▶ [Task details]: Reproduce precisely the lines of the listing below, starting with the line that contains "Lakhimpur kheri news: पहलगाम" and stopping after the line that contains "2. Ad Cümlesi"; include nothing else.

*** Data extracts ***

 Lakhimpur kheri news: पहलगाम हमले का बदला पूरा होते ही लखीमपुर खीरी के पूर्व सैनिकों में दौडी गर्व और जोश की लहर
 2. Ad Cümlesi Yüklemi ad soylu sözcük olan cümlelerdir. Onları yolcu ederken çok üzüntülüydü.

*** End of Data extracts ***
*** Data extracts ***

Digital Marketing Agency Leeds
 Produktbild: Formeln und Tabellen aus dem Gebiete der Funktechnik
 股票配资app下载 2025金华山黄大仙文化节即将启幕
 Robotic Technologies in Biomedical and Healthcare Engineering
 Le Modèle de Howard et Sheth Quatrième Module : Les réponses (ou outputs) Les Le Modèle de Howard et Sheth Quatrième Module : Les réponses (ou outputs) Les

*** End of Data extracts ***

▶ [Exercise solution]:
 Lakhimpur kheri news: पहलगाम हमले का बदला पूरा होते ही लखीमपुर खीरी के पूर्व सैनिकों में दौडी गर्व और जोश की लहर
 2. Ad Cümlesi Yüklemi ad soylu sözcük olan cümlelerdir. Onları yolcu ederken çok üzüntülüydü.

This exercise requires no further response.